Rafael llevaba días encerrado en sí mismo, incapaz de asumir que el hijo que ha criado como suyo no lo es y que en algún lugar del Valle hay un niño de verdadera sangre esperando por él. Nadie había logrado moverle un ápice de esa coraza. Ni Bárbara, ni Luisa, ni las visitas cargadas de argumentos y de paciencia agotada. Hasta hoy, cuando quien ha conseguido llegar hasta él ha sido, de la forma más inesperada, Pedrito.
El propio Pedrito se ha colado por la ventana de la alcoba de Rafael para hablar con él a solas, sin testigos y sin el peso de toda la familia detrás. Lejos de un enfrentamiento, la conversación ha empezado en calma. Le ha preguntado, sin rodeos pero sin presionar, si no quería ver a su propio hijo. Rafael ha respondido con sinceridad: no se sentía capaz de cogerlo en brazos.
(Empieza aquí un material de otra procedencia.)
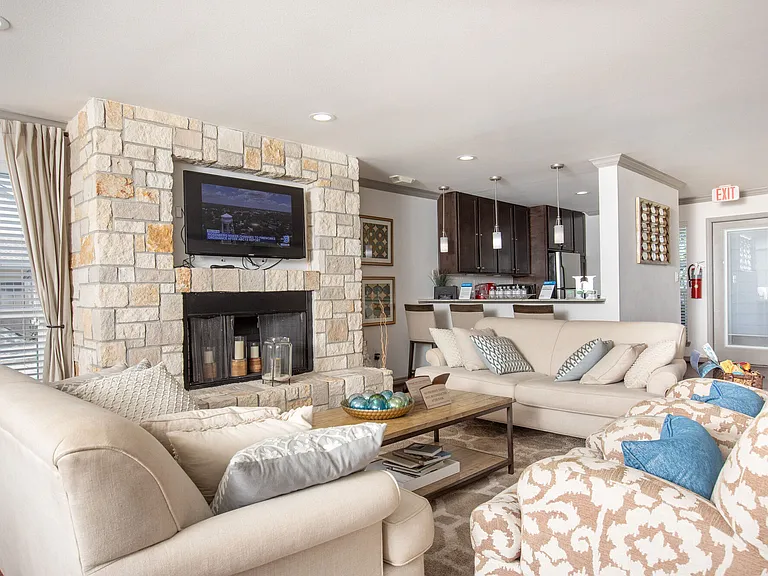 Reserve at Garden Oaks — Photo 13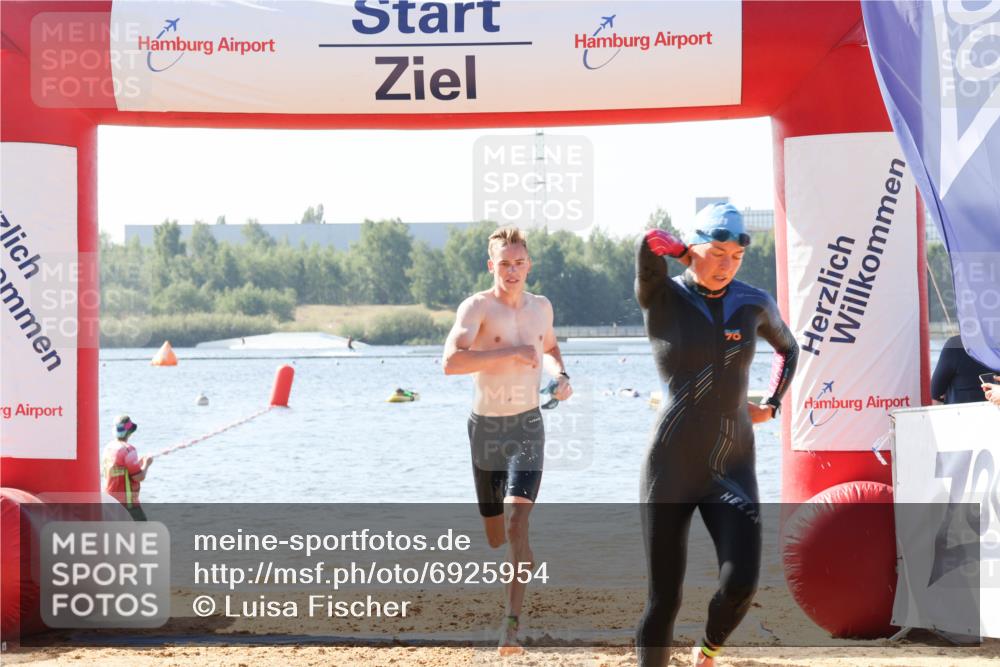 01.09.2024 - 17. Tribühne Triathlon Luisa Fischer http://msf.ph/oto/6925954 01.09.2024 10:52:36 Schwimmen 318, 341, 379, 432 meine-sportfotos.de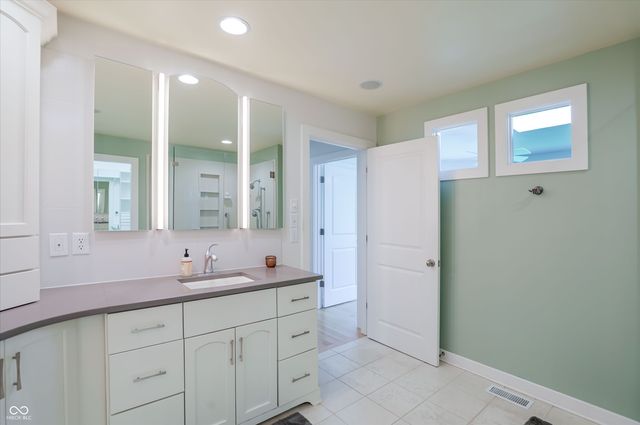 9202 Fanchon Drive, Zionsville, IN 46077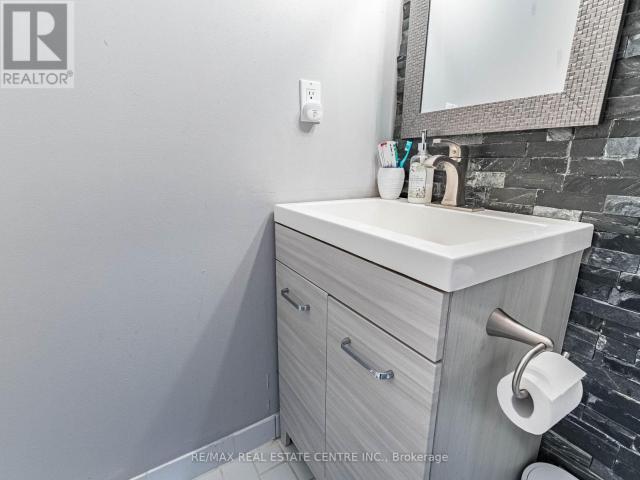 apartment at 1616 250 WEBB DRIVE, Mississauga, Ontario, L5B3Z4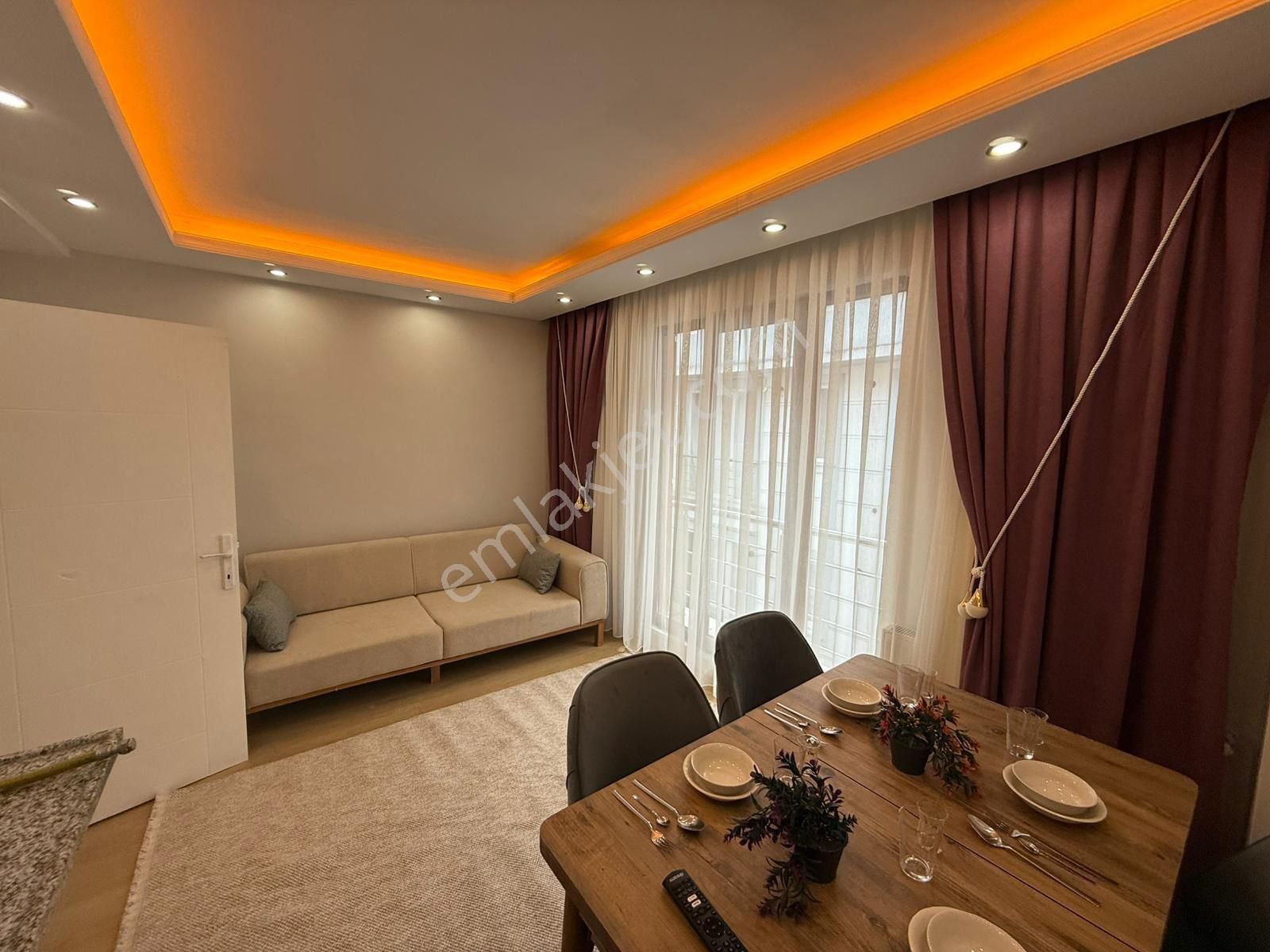 Mecidiyeköy Metroya 14dk Cadde Arkasında Full Sıfır Eşyalı 2+1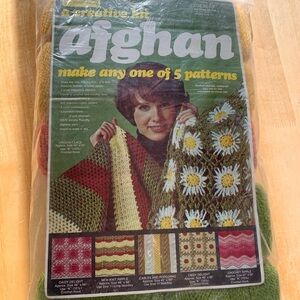 Yarn Kits Inc. Red Yellow Green 5 Pattern Knit Crochet Afghan Kit Vintage USA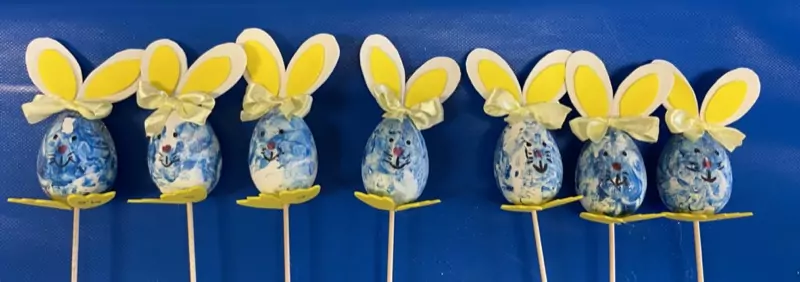 Huevo de Pascua en 0 años, Lourdes
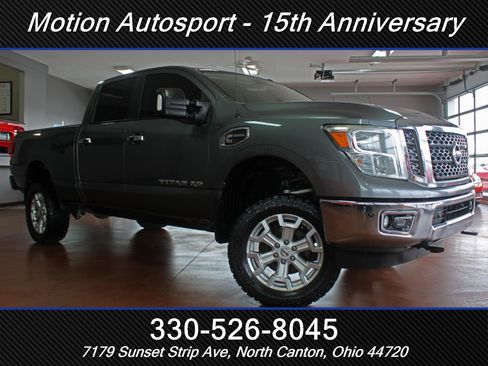 Used 2016 Nissan Titan SV image 2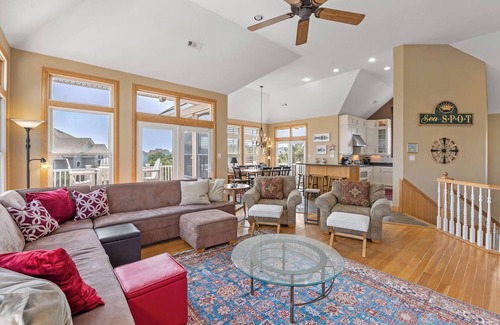 Pine Island Casa | Sea Spot: Saltwater Pool, Hot Tub, Beach Club Access
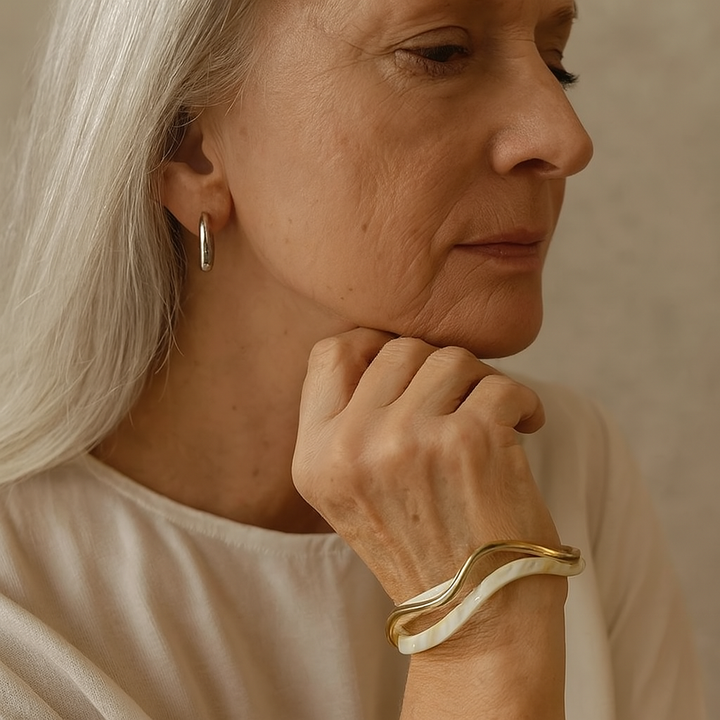 Bracelet en opale blanche élégant en or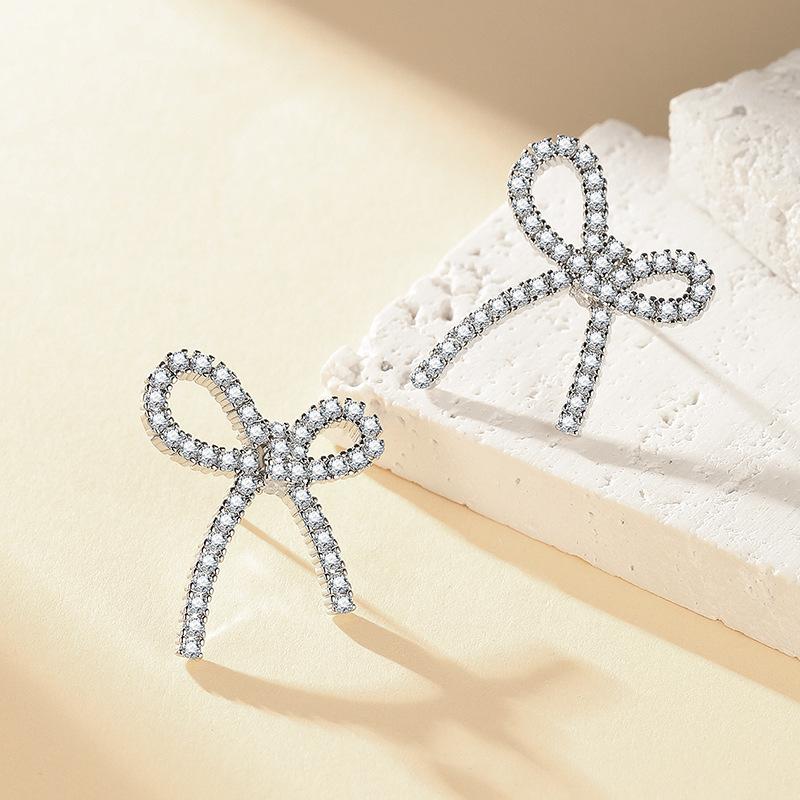 2026 Summer New Exquisite Fashion Light Luxury Micro-inlaid Zircon Bow Earrings S925 Silver Needle Atmosphere Senior Stud Earrings Women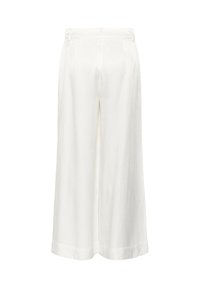 Weiße Leinen-Culottes mit hoher Taille, weitem Bein und glatter Textur. Das Design umfasst dezente Falten und einen sauberen Abschluss.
Ahí es donde Pedrito ha jugado su carta decisiva. Le ha dicho que le gustaría que el niño se llamase Lucas. Una frase sencilla, casi de pasada, pero que ha bastado para que a Rafael se le transformara el gesto por completo. Fue el instante en que algo, por fin, empezó a moverse.
Pedrito no se ha quedado ahí. Ha aprovechado ese resquicio para hablarle también de Rosalía, de lo mal que lo está pasando y de lo injusta que resulta la situación para ella. Un golpe de realidad más, sumado al del nombre del niño, que ha terminado de encender la mecha en Rafael.
Con esta escena, Rafael parece haber encontrado el clic que necesitaba para empezar a afrontar lo que lleva evitando desde que estalló el cambiazo. La pregunta que queda abierta es si ese primer paso será suficiente para que, la próxima vez que tenga a su hijo delante, sea capaz de sostenerlo en brazos.